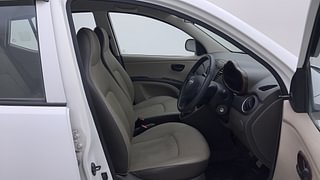 Used 2015 Hyundai i10 magna 1.1 Petrol Manual interior RIGHT SIDE FRONT DOOR CABIN VIEW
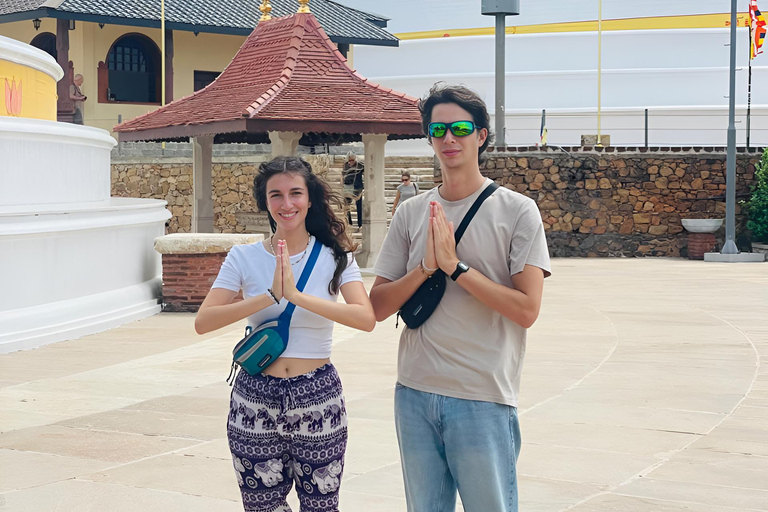 Anuradhapura: Guided Pvt Bike Tour with Lunch & Entry Ticket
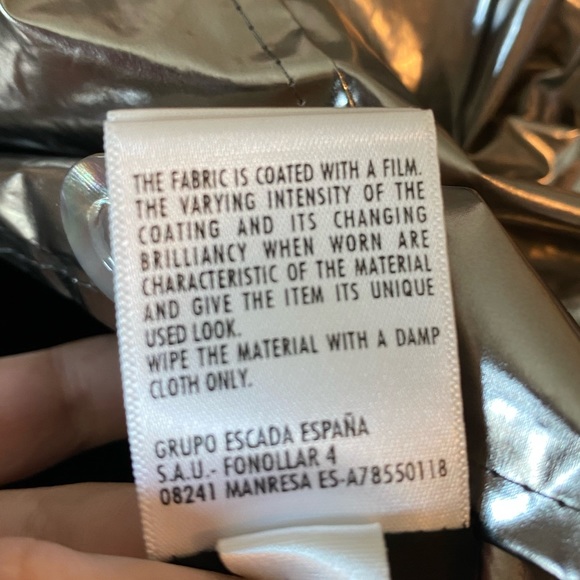 NWT Vintage Escada Silver Jacket fits like a medium/ large - Picture 9 of 16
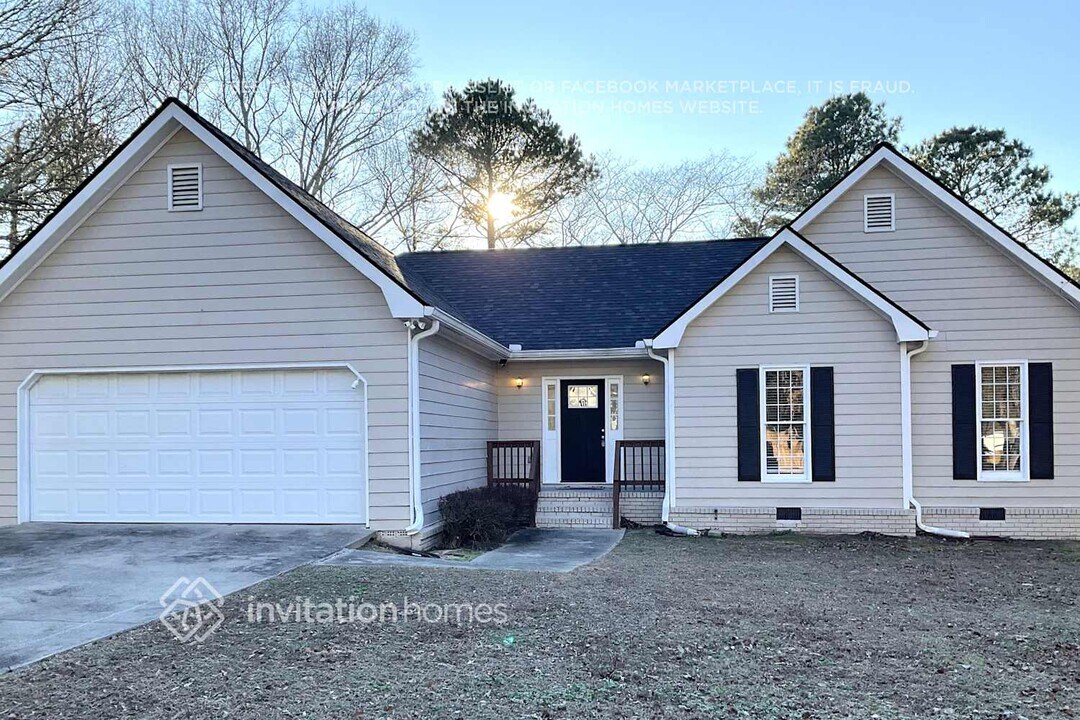 3445 Andrea Lee Ct in Snellville, GA - Building Photo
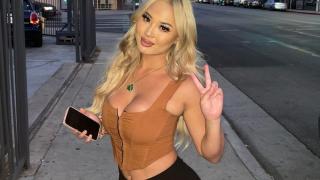 Моделка, преспивала с 50 мъже за една вечер, има проблеми с дупето СНИМКИ 18+
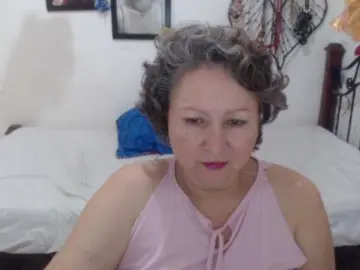 LADYQUEEN520  live sex cam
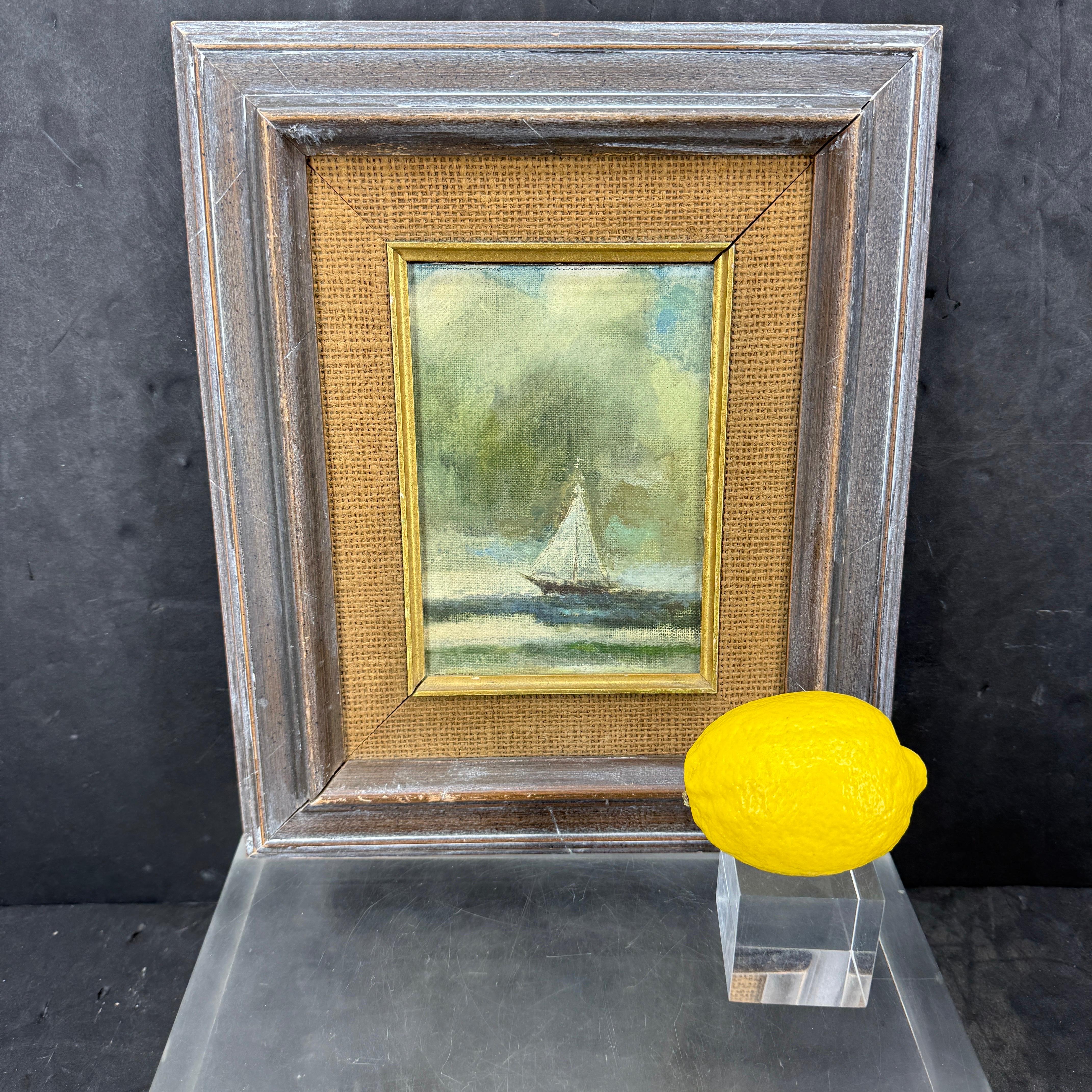 Quadro a olio molto sereno e impressionistico di una barca a vela in un paesaggio marino agitato.  Una scena semplice e rilassata ma molto efficace nella composizione. Per dipingere il paesaggio marino sono state utilizzate tonalità tenui di verde e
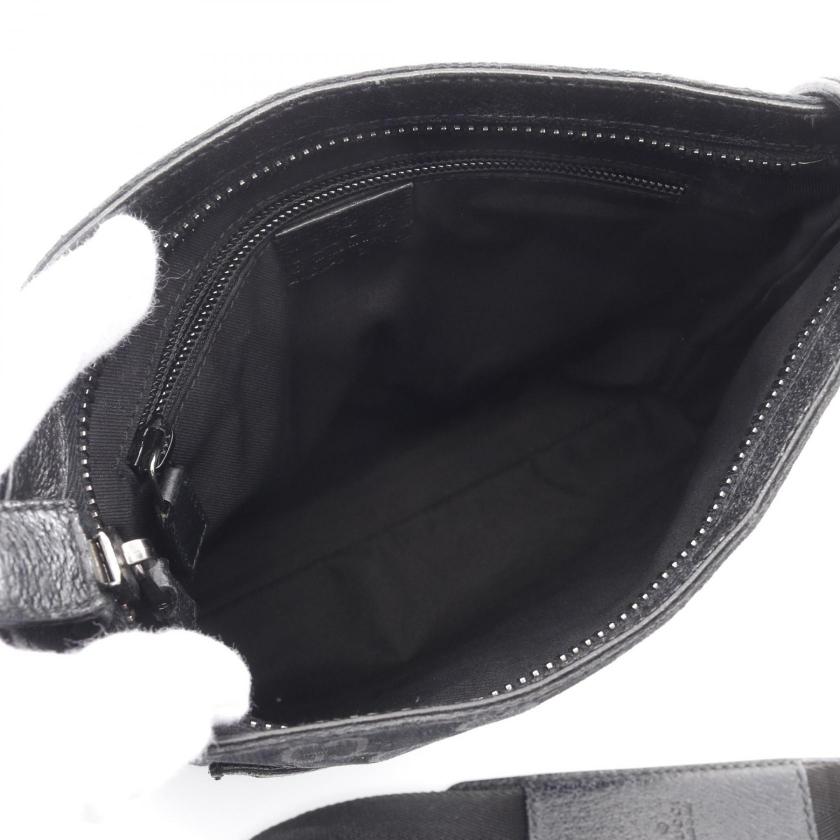 GUCCI GG Canvas Shoulder Bag Leather Black - Condition A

****************************************

**Required action:** Give back exactly the lines above from the one with "Anuradhapura: Guided Pvt" through the one with "Моделка, преспивала с", both included. Pictures don't belong in the copy.

**Result below:**
 Anuradhapura: Guided Pvt Bike Tour with Lunch & Entry Ticket
 NWT Vintage Escada Silver Jacket fits like a medium/ large - Picture 9 of 16
 3445 Andrea Lee Ct in Snellville, GA - Building Photo
 Моделка, преспивала с 50 мъже за една вечер, има проблеми с дупето СНИМКИ 18+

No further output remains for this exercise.